Training and Developing Growth Mindset

Two weeks ago, Taylor kicked off our new series on Growth Mindset: what is it?! Today we’re exploring a growth mindset in training & development. 

The Neuroleadership Institute (NLI) defines growth mindset as

…the belief that your skills and abilities can be improved, and that ongoing development is the goal of the work you do. However, creating a growth mindset culture isn’t just about having optimistic employees, but creating a space where employees strive to learn, enjoy being challenged, and feel encouraged to develop new skills.

Let’s look at a case study of NLI’s work with Microsoft. 

A few years ago, Microsoft CEO Satya Nadella started a revolution from a revelation: the success of the company was dependent upon a culture of continuous learning and a workforce of “learn-it-alls” instead of “know-it-alls”. 

Training and development became the forefront of the Priorities, Habits, and Systems of the company. 

NLI’s growth mindset work follows a structure of Priorities → Habits → Systems.
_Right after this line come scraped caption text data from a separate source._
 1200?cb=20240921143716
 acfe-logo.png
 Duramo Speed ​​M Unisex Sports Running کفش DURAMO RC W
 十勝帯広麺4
In the case of Microsoft, executive leadership adopted a growth mindset as a major priority to be supported through habitual training and learning activities and embedded into organizational systems like performance management and pulse surveys.  

Microsoft created “interactive online modules with rich storytelling and multimedia” for their employees to learn independently and on-demand about the why, what, and how of growth mindset. Managers were given conversation guides to help drive and facilitate meaningful discussion about growth mindset within departments and teams. When team members exhibited growth mindset habits, they were recognized and positively reinforced.
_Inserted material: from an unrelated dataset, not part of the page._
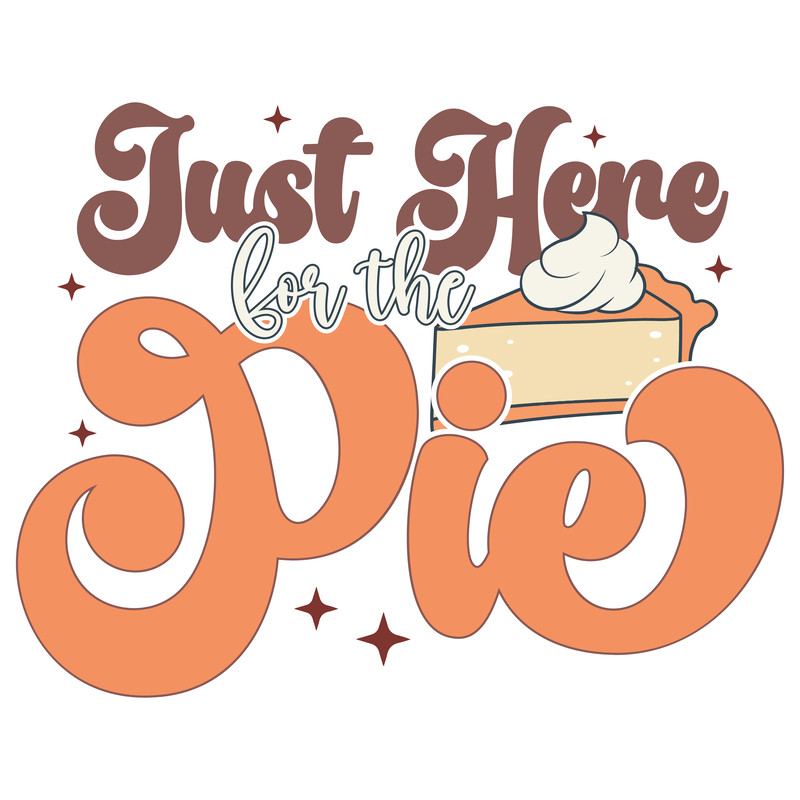 Just Hear for the Pie.png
Graphic: NLI Growth Mindset Case Study Collection

Training is often thought of as sitting in a room (physical or virtual), facing forward, listening to a facilitator read words from slides. Training doesn’t have to – and shouldn’t – look and feel like that. 

Our team hosted an interactive workshop this week where participants sat around one large table with the facilitators, everyone facing inward and around at each other. Learning was facilitated through large group discussion, partner discussion, independent work, and even physical movement around the building and the block (we literally walked around the block during a break!). 

Is your training stale? How can you shift the paradigm to a Growth Mindset in your training and development priorities, habits, and systems?